Below is some helpful information about when to declare yourself as a home worker, and the different scenarios that most home insurance policies will and won’t cover.
Declaring When You Work From Home
The most important thing you need to do when you start working from home is to declare it to your insurance providers. Regardless of what business you will be running, it needs to be declared in case it alters or invalidates your current home insurance policy. You may not even need any additional coverage, especially if you will be doing simple office work like writing documents or replying to emails, but insurance providers can be very strict about liability and pay-outs if your circumstances change.
If you’ll be doing general office work, homeowners insurance providers will categorize this as clerical business use, and will most often not require you to purchase additional coverage, unless you use specialized business equipment. If you are, for example, an online seller and you keep stock in your house, your homeowners insurance policy will not look at this as your personal property. It will be considered business property and needs to be addressed separately. Depending on the value of stock, it may mean that you will need to purchase an additional policy that covers your specific circumstances.

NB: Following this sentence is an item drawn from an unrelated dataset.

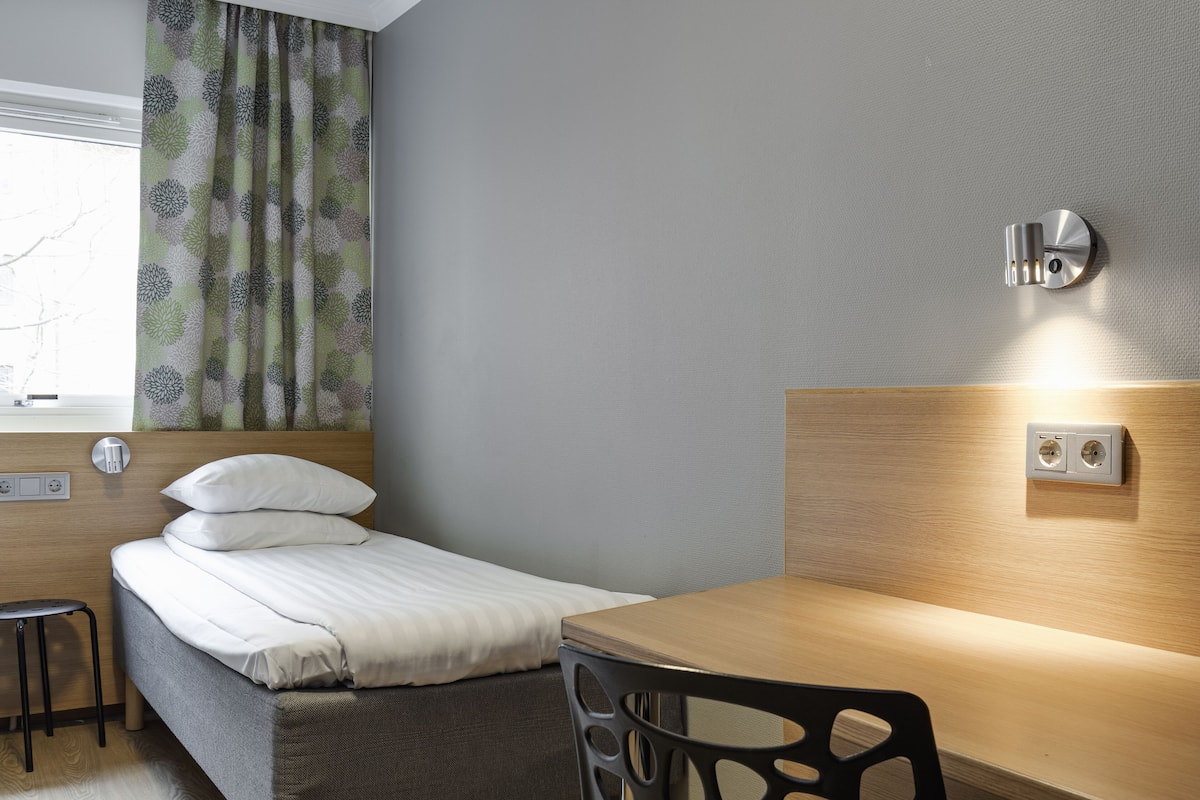 Habitación de hotel con cama, escritorio, silla, ventana con cortinas y un enchufe en la pared.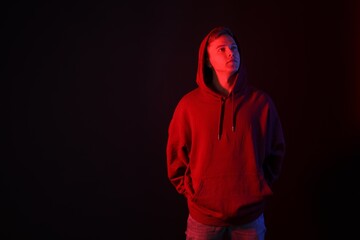 Handsome man in neon lights against black background. Space for text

Most home insurance policies don’t fully cover the equipment you’ll need to work from home. Of course, things like computers, printers, and other equipment that most households already have will be covered by the policy, but things can get complicated if you need to have additional business equipment in your home.
If you’re working for a company, there’s a chance that your employer will have a separate insurance policy on equipment that’s provided by them, though you may still be liable for any damage or loss depending on the exact terms of the policy. If you purchase your own business equipment (that isn’t the standard ‘home office’ equipment mentioned earlier), you will likely need to arrange for additional coverage to your existing home insurance policy.

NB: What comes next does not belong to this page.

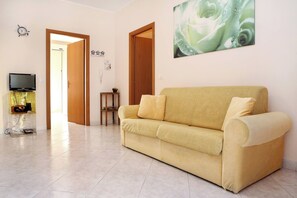 A living room with a sofa, a television, and a painting on the wall. - Adriana Sicily House Etna & Sea Parking (Acireale)
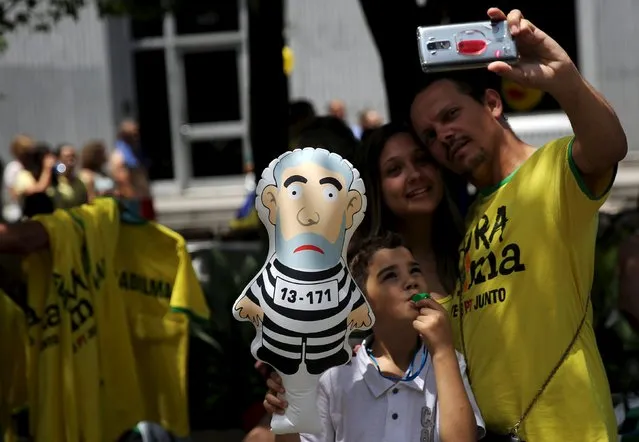 A family pose for a selfie as the boy holds an inflatable doll known as “Pixuleco” of Brazil's former president Luiz Inacio Lula da Silva during a protest calling for the impeachment of Brazil's President Dilma Rousseff in Sao Paulo, Brazil, December 13, 2015. (Photo by Nacho Doce/Reuters)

Clients Visiting The House
If you have clients that visit your house as part of the service you offer, you will need to inform your homeowners insurance company. This is because you may require something called liability insurance, which covers things like injuries and damage to the property, and is completely different to regular home insurance. Having clients visit your home immediately makes your home and the items inside of it ‘higher risk’ that a typical homowners policy.

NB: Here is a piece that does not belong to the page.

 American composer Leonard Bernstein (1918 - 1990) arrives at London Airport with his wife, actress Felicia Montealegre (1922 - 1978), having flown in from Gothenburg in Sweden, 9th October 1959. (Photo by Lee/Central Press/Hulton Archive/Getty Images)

Most insurance companies determine the extent of your home business liability based on the amount of foot traffic generated by your services, so you’ll find yourself paying lower rates if you don’t get very many in-person client visits. As an example, individuals working as pet or child minders, music teachers, or at-home beauticians will see more foot traffic than a real estate agent working from home, and so will have to purchase a policy with higher liability coverage.
Some companies will allow you to have clients visiting your home if you already have a business owner’s policy purchased. In short, this policy combines business property insurance with business liability insurance, helping you to cover anything ranging from theft or injuries, to even fire damage. However, this does depend on the insurance provider, so make sure to research this carefully to avoid purchasing the wrong kind of policy.